ローソク足チャートが映るモニターのクローズアップ画像。地政学リスクの後退と大型IPO期待が相場を押し上げた6月12日の投資記録を示すアイキャッチ画像。

地政学リスク後退と大型IPO期待が相場を押し上げた6月12日の投資記録。

6月12日の日本市場は、なぜここまで力強い上昇となったのか。前日の米国市場では、地政学リスクの後退や半導体株の急伸が相場を押し上げ、主要3指数がそろって大幅反発しました。金利の低下や原油価格の落ち着きといった外部環境も追い風となり、投資家のリスク許容度が回復したことが背景にあります。

こうした米国市場の流れは、翌日の日本市場にも素直に波及しました。半導体関連を中心に買い戻しが広がり、日経平均は一時6万7,000円台に乗せる場面も見られました。為替は円安基調を維持し、輸出関連株にも追い風となるなど、複数の要因が重なって相場全体を押し上げた一日となりました。

この記事では、米国市場から日本市場への流れを整理しつつ、当日のデイトレ銘柄の選定理由や約定時間、値幅の詳細を振り返ります。また、別口座で行っているスイング(高配当投資)の売買状況にも触れ、日々のトレードをどのように積み上げているのかをまとめています。最後には、その日のトレードの良かった点や改善点を整理し、読者と一緒に相場理解を深めていく姿勢で締めくくります。

相場の流れを把握しながら投資判断をアップデートしたい方に向けて、日々のトレード記録を通じて学びを共有していく内容になっています。

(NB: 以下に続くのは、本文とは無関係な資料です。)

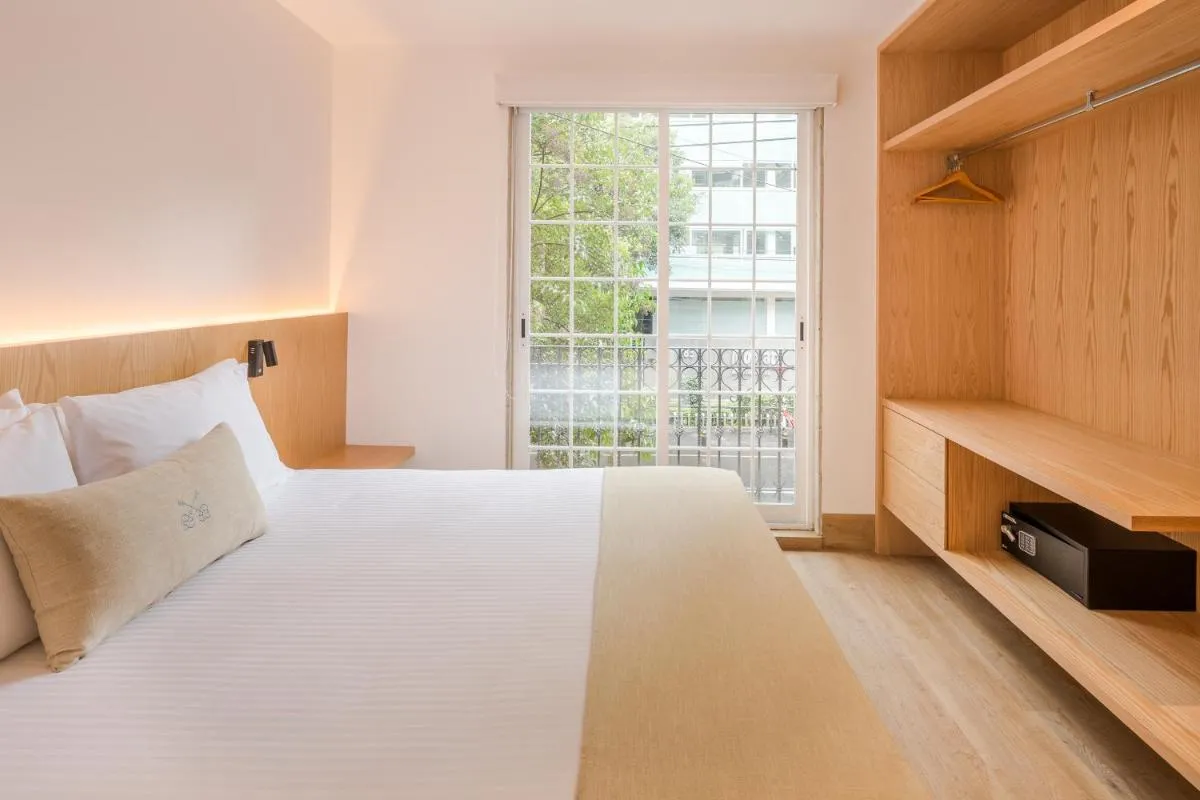 Image 6 of Reforma Guest House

2026年6月12日の市況|半導体主導で日米ともに大幅反発した一日

主要指数(6月12日時点)

日経平均:66,020.04(+1,802.77)
TOPIX:3,881.96(+51.61)
NYダウ:50,848.75(+929.97)
NASDAQ:25,809.66(+640.16)
S&P500:7,394.30(+127.31)

米国市場(6月11日)

11日の米国市場は、前日までの調整ムードを一気に払拭するように幅広い銘柄へ買い戻しが入り、主要3指数がそろって大幅高となりました。NYダウは929.97ドル高、S&P500は127.31ポイント高、NASDAQは640.16ポイント高と、いずれも力強い反発を示しています。特にNASDAQは半導体を中心としたハイテク株の買いが強く、指数全体を押し上げる牽引役となりました。

相場を支えた背景として、米国とイランの緊張がいったん和らいだとの見方が広がったことが挙げられます。米政府が対イランで予定されていた軍事行動を見送ったと伝わり、週初から意識されていた地政学リスクが後退。投資家心理が改善し、リスク資産へ資金が戻りやすい環境が整ったと受け止められました。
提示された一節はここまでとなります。